WHAT THE TASK ASKS:
What you return must be every line from the beginning of the data through the line holding "AK Landau /Pfalz, Gasthaus", unchanged.

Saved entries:
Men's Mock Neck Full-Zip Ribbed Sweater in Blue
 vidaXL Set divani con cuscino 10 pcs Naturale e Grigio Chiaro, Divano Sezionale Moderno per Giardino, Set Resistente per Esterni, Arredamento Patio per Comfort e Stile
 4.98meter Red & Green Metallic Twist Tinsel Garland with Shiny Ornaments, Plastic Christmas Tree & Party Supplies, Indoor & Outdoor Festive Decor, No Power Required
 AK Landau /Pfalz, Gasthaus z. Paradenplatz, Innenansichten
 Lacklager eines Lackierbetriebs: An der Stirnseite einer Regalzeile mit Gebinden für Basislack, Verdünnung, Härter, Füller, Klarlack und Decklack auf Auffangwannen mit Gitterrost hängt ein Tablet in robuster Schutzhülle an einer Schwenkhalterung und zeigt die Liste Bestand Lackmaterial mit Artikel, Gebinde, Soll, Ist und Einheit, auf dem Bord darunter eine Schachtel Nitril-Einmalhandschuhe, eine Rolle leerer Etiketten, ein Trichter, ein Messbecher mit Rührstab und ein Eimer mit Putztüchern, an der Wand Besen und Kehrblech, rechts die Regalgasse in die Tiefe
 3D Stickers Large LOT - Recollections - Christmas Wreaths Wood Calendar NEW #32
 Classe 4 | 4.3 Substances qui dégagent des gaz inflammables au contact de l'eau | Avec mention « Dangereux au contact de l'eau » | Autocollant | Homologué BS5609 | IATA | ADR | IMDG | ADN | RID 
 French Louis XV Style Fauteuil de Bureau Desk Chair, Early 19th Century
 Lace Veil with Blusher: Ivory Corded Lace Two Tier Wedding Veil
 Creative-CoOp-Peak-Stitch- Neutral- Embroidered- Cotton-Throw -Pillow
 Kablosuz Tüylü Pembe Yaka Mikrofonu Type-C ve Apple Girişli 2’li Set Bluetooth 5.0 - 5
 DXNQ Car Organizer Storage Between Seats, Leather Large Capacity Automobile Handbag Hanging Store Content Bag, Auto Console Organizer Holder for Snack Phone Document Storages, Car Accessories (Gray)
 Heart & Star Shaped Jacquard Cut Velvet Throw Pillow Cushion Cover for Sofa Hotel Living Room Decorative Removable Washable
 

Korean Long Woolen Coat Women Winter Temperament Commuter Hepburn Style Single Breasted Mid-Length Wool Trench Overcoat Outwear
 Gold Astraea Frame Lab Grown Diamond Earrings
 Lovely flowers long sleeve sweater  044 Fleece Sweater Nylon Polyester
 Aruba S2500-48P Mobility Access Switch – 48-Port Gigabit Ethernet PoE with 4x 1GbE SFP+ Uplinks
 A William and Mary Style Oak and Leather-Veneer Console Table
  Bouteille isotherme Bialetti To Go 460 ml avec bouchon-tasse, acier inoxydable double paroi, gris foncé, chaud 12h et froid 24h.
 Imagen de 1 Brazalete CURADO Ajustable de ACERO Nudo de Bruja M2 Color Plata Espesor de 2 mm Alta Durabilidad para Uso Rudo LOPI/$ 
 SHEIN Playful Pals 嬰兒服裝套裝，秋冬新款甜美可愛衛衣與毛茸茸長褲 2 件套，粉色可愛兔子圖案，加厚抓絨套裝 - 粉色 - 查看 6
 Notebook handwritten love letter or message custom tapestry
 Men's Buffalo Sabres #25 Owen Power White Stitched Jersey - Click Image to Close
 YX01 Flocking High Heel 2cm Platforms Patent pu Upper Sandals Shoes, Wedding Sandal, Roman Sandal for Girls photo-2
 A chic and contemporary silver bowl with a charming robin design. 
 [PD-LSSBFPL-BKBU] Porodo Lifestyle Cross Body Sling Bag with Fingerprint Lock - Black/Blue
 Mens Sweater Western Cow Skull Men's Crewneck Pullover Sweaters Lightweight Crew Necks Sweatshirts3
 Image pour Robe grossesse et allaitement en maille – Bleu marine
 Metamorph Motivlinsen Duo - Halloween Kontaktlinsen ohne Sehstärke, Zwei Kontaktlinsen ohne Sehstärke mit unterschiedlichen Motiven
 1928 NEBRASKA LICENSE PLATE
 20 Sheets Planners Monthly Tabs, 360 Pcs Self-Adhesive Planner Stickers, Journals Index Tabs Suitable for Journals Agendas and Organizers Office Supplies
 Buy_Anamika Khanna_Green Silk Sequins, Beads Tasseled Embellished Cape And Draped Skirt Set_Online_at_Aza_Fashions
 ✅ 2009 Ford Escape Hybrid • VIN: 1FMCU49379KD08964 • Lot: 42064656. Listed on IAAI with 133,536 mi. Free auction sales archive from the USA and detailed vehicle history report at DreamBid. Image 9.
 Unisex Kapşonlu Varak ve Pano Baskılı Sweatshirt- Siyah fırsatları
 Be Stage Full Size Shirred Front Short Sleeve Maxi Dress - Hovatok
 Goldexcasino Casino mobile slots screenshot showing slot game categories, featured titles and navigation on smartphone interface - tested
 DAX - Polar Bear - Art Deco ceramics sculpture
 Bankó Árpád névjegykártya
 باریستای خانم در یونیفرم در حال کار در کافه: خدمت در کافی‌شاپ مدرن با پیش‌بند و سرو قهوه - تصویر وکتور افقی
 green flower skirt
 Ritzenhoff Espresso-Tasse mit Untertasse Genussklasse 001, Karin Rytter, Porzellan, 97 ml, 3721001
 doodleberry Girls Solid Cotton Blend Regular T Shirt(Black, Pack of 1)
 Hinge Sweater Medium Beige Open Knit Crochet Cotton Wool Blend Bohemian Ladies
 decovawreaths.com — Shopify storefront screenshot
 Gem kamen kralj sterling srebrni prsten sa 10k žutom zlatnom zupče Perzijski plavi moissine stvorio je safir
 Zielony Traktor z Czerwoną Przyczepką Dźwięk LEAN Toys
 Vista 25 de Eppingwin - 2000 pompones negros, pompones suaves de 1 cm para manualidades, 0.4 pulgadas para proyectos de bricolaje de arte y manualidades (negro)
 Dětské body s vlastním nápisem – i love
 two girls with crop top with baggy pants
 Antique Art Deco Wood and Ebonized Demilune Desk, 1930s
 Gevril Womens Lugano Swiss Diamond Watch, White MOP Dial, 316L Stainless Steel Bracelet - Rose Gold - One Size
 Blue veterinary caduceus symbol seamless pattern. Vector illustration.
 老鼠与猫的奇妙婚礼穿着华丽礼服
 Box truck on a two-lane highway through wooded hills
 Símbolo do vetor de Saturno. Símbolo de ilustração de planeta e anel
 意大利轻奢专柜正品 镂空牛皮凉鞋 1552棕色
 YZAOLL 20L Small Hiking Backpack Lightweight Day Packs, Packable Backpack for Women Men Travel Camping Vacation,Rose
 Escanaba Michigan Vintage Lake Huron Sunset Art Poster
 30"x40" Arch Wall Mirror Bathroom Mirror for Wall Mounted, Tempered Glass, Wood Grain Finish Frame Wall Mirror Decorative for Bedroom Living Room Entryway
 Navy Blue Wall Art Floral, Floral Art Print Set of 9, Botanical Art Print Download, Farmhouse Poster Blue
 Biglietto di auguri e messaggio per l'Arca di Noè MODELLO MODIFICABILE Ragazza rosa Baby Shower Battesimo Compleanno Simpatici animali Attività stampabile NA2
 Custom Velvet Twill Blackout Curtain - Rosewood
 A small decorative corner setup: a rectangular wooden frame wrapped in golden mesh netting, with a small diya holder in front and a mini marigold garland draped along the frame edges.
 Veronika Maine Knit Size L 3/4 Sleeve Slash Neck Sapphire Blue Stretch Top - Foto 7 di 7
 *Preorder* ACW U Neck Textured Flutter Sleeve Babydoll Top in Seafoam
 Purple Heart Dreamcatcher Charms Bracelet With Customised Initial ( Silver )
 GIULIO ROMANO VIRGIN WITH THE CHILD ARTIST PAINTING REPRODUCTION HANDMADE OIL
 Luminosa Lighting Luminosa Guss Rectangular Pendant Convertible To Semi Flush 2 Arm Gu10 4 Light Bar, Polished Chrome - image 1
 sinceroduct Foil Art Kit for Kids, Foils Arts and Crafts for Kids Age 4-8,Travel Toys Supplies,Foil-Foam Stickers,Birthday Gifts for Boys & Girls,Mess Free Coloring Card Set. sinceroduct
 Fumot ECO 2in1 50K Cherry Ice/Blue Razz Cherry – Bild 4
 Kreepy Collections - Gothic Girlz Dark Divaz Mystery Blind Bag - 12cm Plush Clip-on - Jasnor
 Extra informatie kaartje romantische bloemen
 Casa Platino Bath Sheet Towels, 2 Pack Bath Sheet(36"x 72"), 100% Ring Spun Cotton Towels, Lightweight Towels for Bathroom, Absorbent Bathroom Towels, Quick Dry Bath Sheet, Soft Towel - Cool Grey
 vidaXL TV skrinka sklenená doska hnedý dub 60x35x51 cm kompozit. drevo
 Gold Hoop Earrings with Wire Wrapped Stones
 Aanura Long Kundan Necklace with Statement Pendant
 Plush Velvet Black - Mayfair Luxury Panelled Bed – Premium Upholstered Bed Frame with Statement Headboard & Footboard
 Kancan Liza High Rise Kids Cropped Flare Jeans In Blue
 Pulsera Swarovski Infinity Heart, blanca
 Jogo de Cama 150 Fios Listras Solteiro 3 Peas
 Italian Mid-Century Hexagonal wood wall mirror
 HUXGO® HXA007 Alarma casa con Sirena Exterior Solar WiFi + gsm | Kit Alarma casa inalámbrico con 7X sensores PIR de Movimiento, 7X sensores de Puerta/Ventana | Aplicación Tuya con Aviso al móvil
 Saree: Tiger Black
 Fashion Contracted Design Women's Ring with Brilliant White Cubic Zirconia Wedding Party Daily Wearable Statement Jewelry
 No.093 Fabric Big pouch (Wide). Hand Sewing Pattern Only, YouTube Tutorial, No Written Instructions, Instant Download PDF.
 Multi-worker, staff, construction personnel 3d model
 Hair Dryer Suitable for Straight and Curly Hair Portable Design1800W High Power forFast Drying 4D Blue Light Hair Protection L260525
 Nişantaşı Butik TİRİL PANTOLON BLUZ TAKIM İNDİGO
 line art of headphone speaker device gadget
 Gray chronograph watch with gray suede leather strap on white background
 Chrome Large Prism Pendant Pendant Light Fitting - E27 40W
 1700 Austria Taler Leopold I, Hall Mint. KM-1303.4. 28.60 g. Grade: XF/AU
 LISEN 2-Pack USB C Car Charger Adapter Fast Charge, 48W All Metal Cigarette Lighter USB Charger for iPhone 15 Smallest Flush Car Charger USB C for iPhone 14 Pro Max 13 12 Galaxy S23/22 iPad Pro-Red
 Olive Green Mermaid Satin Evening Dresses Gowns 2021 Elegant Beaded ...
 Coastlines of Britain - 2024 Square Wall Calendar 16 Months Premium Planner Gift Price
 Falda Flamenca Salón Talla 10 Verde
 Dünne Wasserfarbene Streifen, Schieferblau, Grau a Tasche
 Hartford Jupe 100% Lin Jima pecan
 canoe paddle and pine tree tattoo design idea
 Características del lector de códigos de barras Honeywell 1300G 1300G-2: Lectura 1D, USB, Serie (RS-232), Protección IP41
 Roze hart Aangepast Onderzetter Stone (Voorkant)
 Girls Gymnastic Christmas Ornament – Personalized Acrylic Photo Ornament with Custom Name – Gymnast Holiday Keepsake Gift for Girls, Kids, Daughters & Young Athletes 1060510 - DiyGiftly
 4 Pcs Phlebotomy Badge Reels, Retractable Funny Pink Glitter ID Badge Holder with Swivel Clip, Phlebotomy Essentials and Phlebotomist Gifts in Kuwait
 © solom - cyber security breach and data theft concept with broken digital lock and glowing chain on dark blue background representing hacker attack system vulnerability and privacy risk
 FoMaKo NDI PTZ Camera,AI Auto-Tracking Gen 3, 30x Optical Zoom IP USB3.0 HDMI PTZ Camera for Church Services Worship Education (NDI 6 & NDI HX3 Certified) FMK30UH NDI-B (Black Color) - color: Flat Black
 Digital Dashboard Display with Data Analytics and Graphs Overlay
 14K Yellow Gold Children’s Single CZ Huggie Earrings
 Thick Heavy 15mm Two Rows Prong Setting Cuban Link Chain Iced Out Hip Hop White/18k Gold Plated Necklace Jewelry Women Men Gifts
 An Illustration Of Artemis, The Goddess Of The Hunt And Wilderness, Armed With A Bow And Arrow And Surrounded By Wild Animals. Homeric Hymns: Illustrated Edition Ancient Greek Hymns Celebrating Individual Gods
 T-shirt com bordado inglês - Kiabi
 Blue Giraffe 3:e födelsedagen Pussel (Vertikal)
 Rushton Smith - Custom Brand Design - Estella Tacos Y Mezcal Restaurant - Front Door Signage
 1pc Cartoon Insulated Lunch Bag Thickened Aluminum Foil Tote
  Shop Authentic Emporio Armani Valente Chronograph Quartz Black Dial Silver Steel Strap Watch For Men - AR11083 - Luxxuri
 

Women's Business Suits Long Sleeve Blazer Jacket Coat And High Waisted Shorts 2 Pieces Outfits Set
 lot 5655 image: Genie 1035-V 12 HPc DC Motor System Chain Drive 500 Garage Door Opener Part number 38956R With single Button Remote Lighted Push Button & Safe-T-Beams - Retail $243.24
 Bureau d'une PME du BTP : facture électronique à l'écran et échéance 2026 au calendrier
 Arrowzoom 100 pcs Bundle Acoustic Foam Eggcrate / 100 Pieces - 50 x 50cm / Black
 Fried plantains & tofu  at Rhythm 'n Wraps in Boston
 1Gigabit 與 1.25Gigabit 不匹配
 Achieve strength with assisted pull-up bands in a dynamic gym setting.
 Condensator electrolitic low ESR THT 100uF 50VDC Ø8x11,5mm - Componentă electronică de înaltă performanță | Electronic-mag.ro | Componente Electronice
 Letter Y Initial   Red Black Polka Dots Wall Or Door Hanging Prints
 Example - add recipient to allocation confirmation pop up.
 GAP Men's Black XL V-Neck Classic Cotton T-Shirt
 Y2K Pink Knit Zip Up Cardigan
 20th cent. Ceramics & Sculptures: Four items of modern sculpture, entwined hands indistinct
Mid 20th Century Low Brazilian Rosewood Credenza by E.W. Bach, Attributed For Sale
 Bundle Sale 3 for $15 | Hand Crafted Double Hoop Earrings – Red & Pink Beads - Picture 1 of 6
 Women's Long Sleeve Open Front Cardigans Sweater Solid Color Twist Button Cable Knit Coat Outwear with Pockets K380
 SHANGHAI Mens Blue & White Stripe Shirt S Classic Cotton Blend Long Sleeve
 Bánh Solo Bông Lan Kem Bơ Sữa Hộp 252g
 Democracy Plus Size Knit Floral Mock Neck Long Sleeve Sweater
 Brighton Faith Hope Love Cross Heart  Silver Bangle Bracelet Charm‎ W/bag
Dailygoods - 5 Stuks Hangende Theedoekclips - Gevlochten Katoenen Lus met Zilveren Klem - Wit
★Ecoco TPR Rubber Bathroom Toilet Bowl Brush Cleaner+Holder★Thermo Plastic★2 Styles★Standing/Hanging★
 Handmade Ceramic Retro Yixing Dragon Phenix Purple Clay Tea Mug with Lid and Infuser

COMPLETED TASK:
Men's Mock Neck Full-Zip Ribbed Sweater in Blue
 vidaXL Set divani con cuscino 10 pcs Naturale e Grigio Chiaro, Divano Sezionale Moderno per Giardino, Set Resistente per Esterni, Arredamento Patio per Comfort e Stile
 4.98meter Red & Green Metallic Twist Tinsel Garland with Shiny Ornaments, Plastic Christmas Tree & Party Supplies, Indoor & Outdoor Festive Decor, No Power Required
 AK Landau /Pfalz, Gasthaus z. Paradenplatz, Innenansichten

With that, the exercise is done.